My Saturday evening was sensible. I arrived home early, with noble intentions of going to bed, to prepare myself for a productive rehearsal today. Then I opened Youtube. One of the ‘recommended’ clips for me was the 1980 film ‘Cruising’.
I saw this several years ago in Amsterdam. Therefore my recollection of the film was slightly hazy. I clicked on the link.
This was an enormously controversial film upon its release, and it seems to be largely forgotten today. Directed by William Friedkin (of ‘The Exorcist’ and ‘The boys in the band’ fame) it is set in New York in the late 1970s. A serial killer is on the loose, in the underworld of the gay leather scene. The murder victims are piling up. Al Pacino plays a straight cop, who goes undercover into this subculture, to catch the killer, and gets to play dress up while he does.

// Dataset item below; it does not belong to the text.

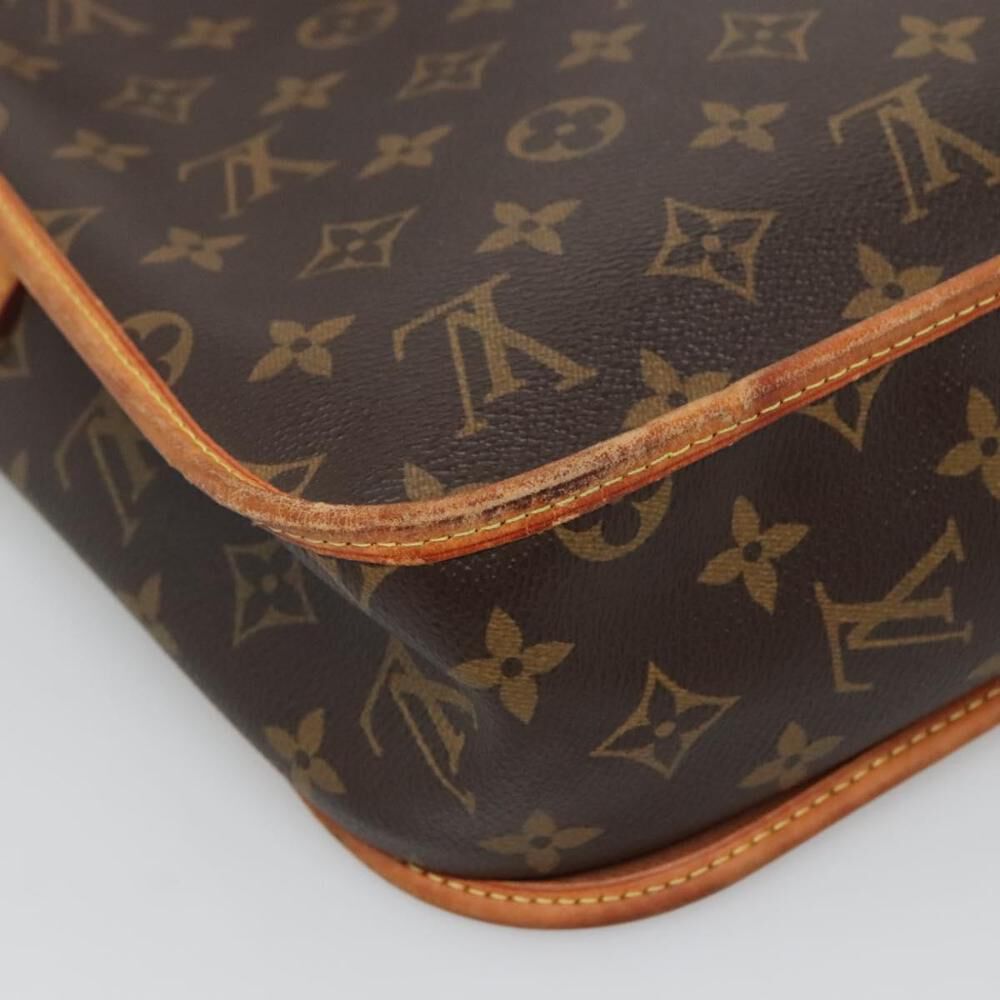 Louis Vuitton Messenger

That’s the basic plot. The controversy at the time (gay groups protested the film on its release, and tried to disrupt its location filming) stemmed from the fact that – despite the film’s disclaimer – the film focused entirely on a more extreme subset of gay life. Filmed in the bars in New York, in the days right before the AIDS crisis, it portrayed the gay world as violent, dangerous, sleazy and murderous. The rampant promiscuity, drug abuse and violence shown, are what seemed to define the community, according to this film.

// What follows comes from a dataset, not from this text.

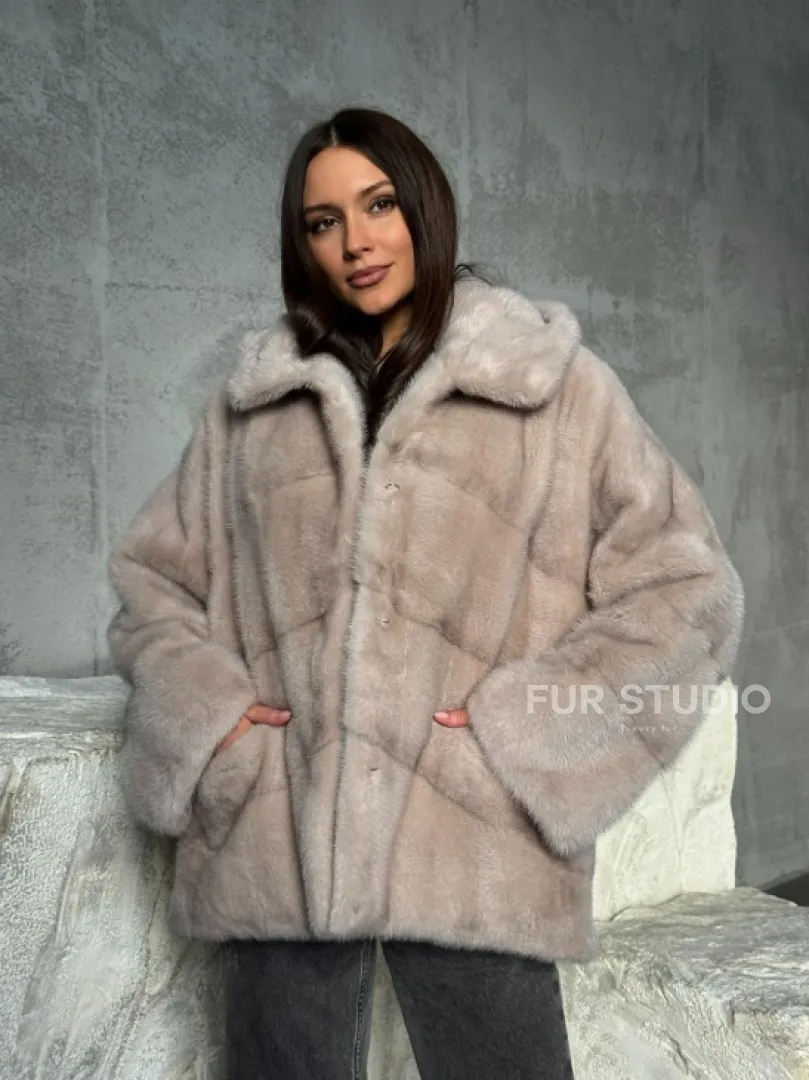 Норковый полушубок с капюшоном в цвете пудра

I can understand the criticism. At a time when gay people were finally organising, and fighting for acceptance and rights, it seemed unacceptable that one of the few films made about gay life was so sleazy and exploitative.
On the other hand, it was simply telling a story. Certain stories might not be to everyone’s tastes, but in my view, that’s not reason enough to censor them.
More controversial to me was the insinuation that after several months in the dark underbelly of the SM gay community, Al Pacino might have ‘caught the gay’. Even worse, being immersed in such a world might turn him into a serial killer too.
This was 1980 though. I wouldn’t ascribe homophobia to Friedkin. Ten years earlier he had directed ‘The boys in the band’ – a film about a gay dinner party among closeted New York queens. That film was one of the first to portray gay life as something other than solely tragic and pathetic. The characters may have been self-loathing, but they supported each other. Even more unusual none of them ended up dead.
I think in his own clumsy way Friedkin was just trying to tell a story with ‘Cruising’. I don’t think he was being bigoted or trying to be offensive.
I enjoyed the film. It is dark, but very atmospheric and creepy. Pacino gives a good performance (even though he was too old – even at the time – to play the part). I can’t imagine too many mainstream Hollywood actors wanted such a film on their CV. I suspect if a director like Pasolini had made a similar film, the outrage would have been a lot more muted, as it would have been viewed as ‘art’.
This film would not get made today – it is too gruesome, horrible and seedy. It is a film about, and of, its time.
It’s not for the squeamish, the faint of heart, or for those people who are prone to the vapours. With those warnings in place, I’d recommend it.